> TASK DETAILS:
The answer should be every line below, repeated exactly, with the images left out.

[Items listed in a dataset]
---
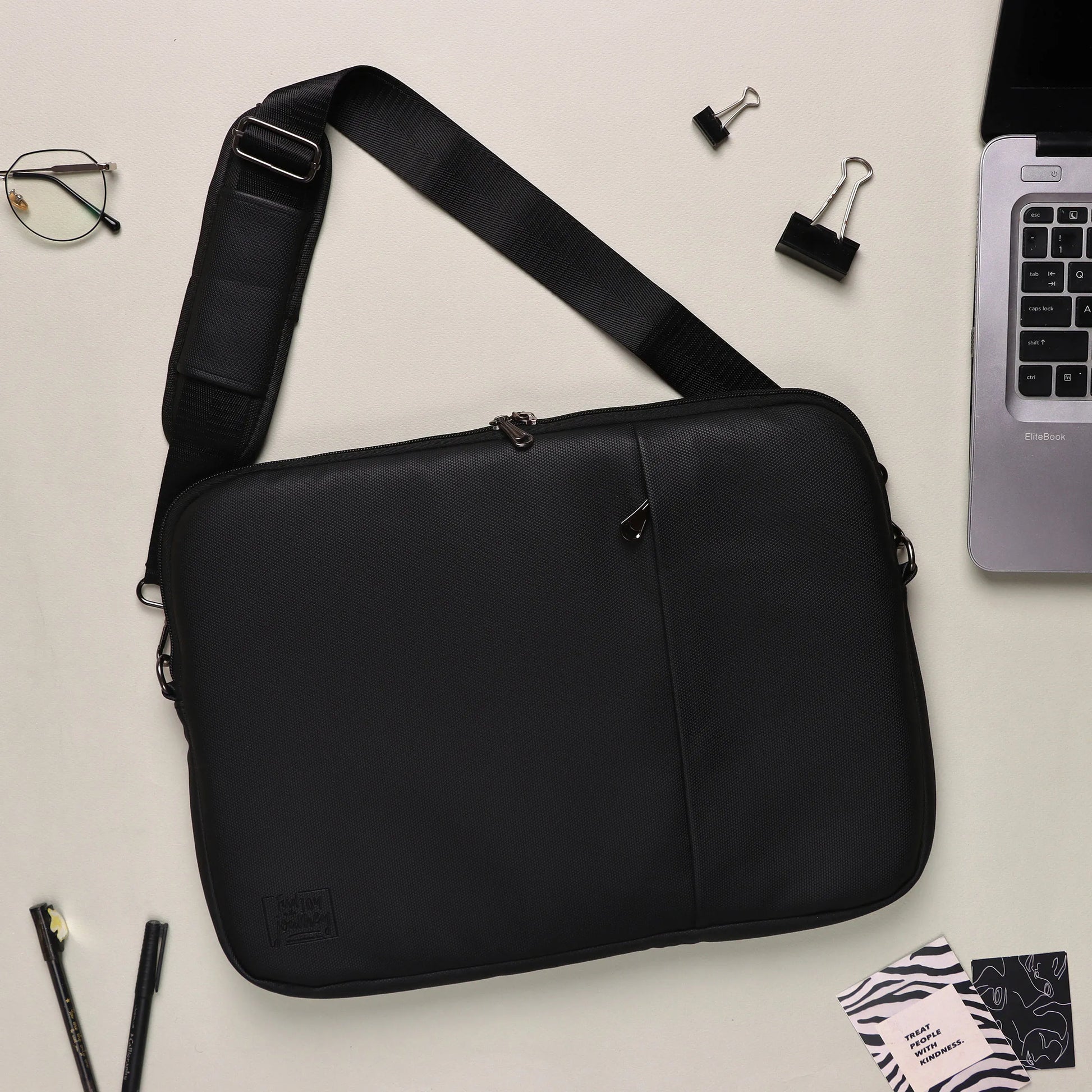 Shoulder Laptop Sleeve | Black Dawenha | دونها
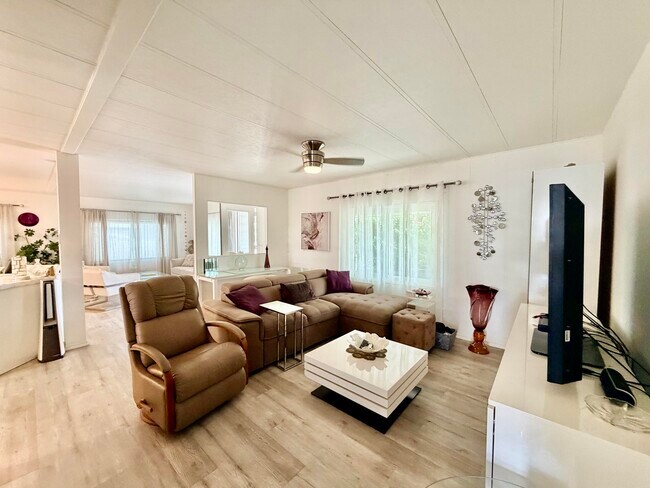 Photo - 38890 Desert Greens Dr W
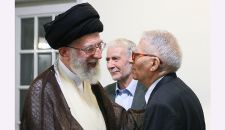 قائد الثورة الإسلامية يعزي بوفاة الفيلسوف الإيراني الدكتور كريم مجتهدي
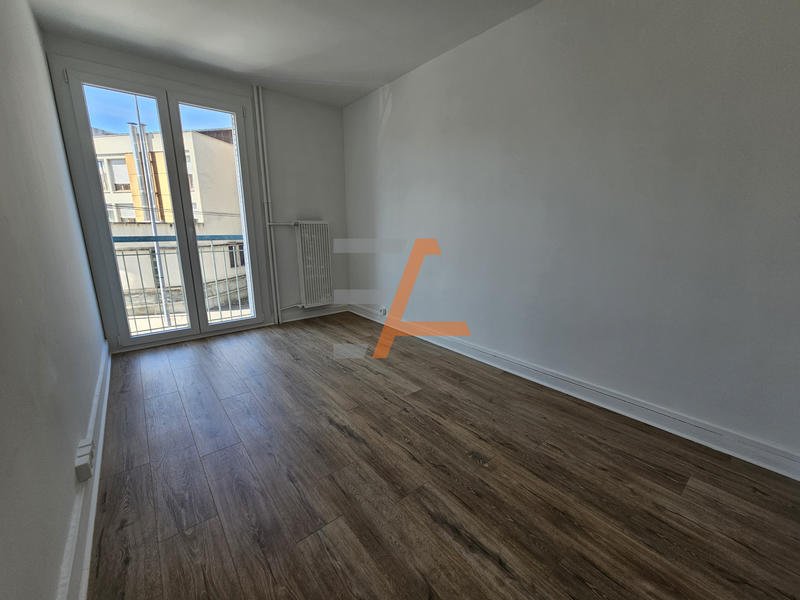 Appartement - 70 m² - 4 pièces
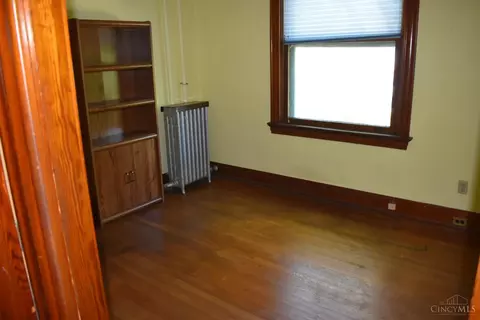 Bedroom - 3736 High Point Ave, Cincinnati, OH 45211 photo 3 of 9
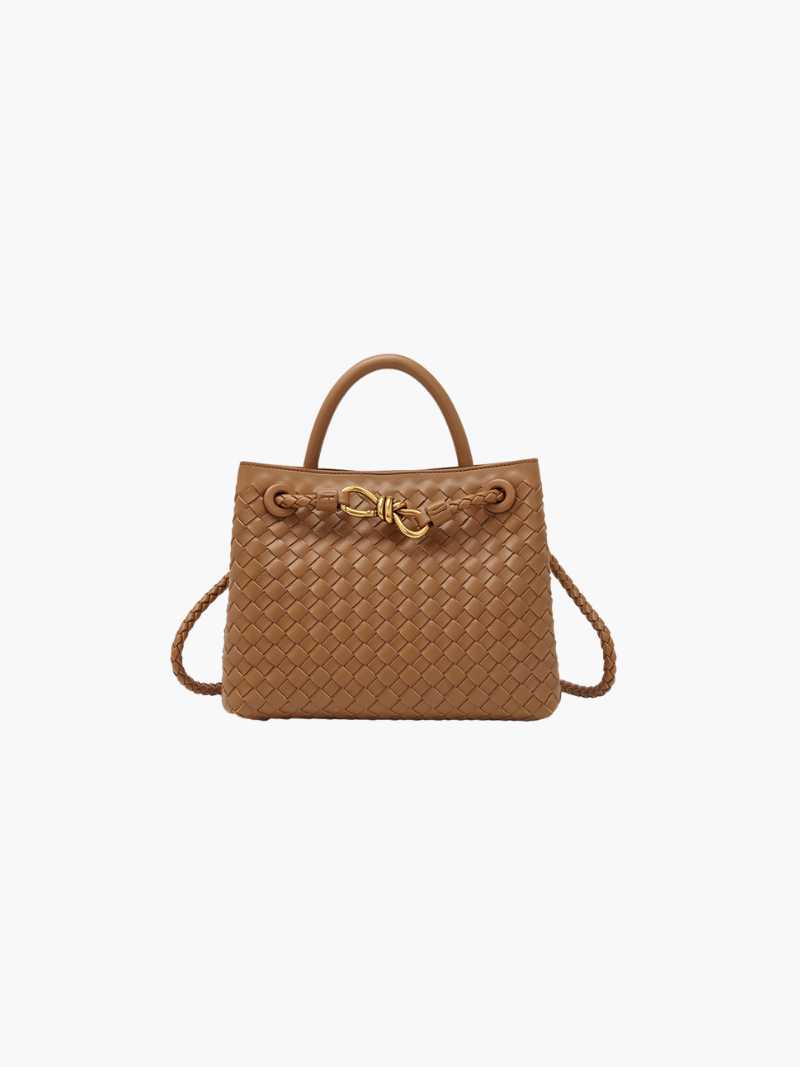 "Elegante gewebte Handtasche mit subtilem Muster, vielseitig für jeden Anlass, komfortabler Griff, stilvolle Eleganz."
---
> SOLUTION BELOW:
 Shoulder Laptop Sleeve | Black Dawenha | دونها
 Photo - 38890 Desert Greens Dr W
 قائد الثورة الإسلامية يعزي بوفاة الفيلسوف الإيراني الدكتور كريم مجتهدي
 Appartement - 70 m² - 4 pièces
 Bedroom - 3736 High Point Ave, Cincinnati, OH 45211 photo 3 of 9
 "Elegante gewebte Handtasche mit subtilem Muster, vielseitig für jeden Anlass, komfortabler Griff, stilvolle Eleganz."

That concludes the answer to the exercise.